Using the records below, write out again exactly the lines that begin at the line containing "Acide Hyaluronique avant et après - 874660" and end at the line containing "Küçükdurmaz, İyi Huylu", and no other lines.

* Dataset:
+===+
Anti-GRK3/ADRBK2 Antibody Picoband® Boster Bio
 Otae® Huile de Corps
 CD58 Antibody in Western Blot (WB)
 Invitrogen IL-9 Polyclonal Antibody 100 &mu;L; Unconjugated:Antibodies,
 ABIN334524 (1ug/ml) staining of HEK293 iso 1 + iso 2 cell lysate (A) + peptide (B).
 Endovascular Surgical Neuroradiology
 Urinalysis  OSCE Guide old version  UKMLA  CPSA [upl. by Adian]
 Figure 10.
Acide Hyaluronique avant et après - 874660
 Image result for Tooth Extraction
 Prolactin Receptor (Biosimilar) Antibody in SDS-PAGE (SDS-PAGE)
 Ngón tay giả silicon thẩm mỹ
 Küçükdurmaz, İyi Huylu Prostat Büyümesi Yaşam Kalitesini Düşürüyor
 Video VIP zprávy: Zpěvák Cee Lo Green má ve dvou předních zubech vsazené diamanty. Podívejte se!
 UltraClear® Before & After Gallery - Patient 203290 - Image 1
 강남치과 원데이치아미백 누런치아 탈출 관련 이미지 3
+===+
* Answer for this exercise:
Acide Hyaluronique avant et après - 874660
 Image result for Tooth Extraction
 Prolactin Receptor (Biosimilar) Antibody in SDS-PAGE (SDS-PAGE)
 Ngón tay giả silicon thẩm mỹ
 Küçükdurmaz, İyi Huylu Prostat Büyümesi Yaşam Kalitesini Düşürüyor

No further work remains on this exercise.